On September 1st, tomorrow, I turn 35. Some would be rejoicing. Others not so much. But me… I’m having a moment. Join me, would you?
My brother, seven years my senior, died in sleep at thirty-five. I got the call when I was on my birthday trip, almost seven years ago. And it was devastating and wrong and unexpected. But it also put a fire under my ass. I’ve talked about this often, but this time it means more. I’ve told readers before how my brother’s death inspired me to write. It made me realize that I didn’t have tomorrow to follow my dream. Only today. I couldn’t rely on the future because it’s never guaranteed.

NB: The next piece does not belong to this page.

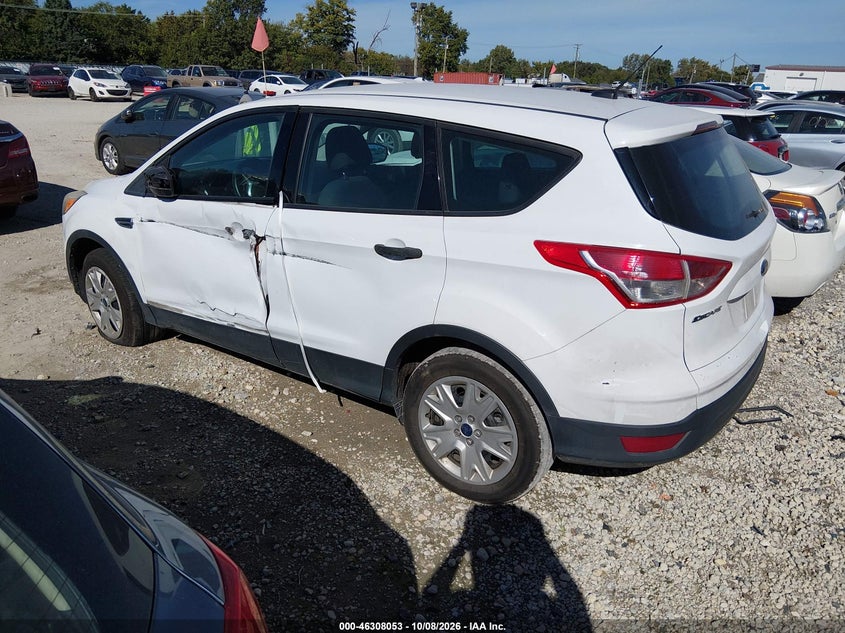 Vin: 1fmcu0f74dub79269, lot: 46808252, ford escape s 20133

Today I tell you all something new. The truth is, I was scared. I started writing because I was scared that, like my brother, I’d die with my music still in me. My sister may loathe me for this, but it’s true. My brother was talented and loving and an absolute inspiration and yet, he never truly lived. He kept thinking he had time, and yet he didn’t. It’s because of that that I try to live every day. I’m so dangerously afraid to not live. I’m so afraid that I’ll die and this moment or this moment, or this one will be my last. And will it be enough?
So that’s why I started writing. Really writing. Not like in my spare time, but in any of my time. I wrote like my life depended on it, and in a way, I think it did. I wrote so I felt alive. So I stayed alive. So I experienced a million lives. I wrote, because I was so afraid to die.
Tomorrow I turn thirty-five. It’s a celebration of thirty-five years on this earth. Ones full of love and experience and growth. And it’s also a milestone. I’ve been so afraid of this age for a long time. I’ve been afraid that like my brother, I’ll close my eyes and vanish from this earth. It’s a morbid thought, but let’s be honest, it’s a real one. People die. I will. You will. And the big question is: have we lived? I think that’s why I push myself every day. I think that’s why it matters to me. I want to know I’ve done enough. I want to leave this earth knowing I made a difference.
Anyway, on this day, the one before I mark my thirty-fifth birthday, I want to honor a special person who inspired me to write books. He didn’t know it when he closed his eyes that he was about to encourage his little sister to live, just by dying. But that’s exactly what he did, and I owe every book to him. To my brother, David, who inspired me to live by dying.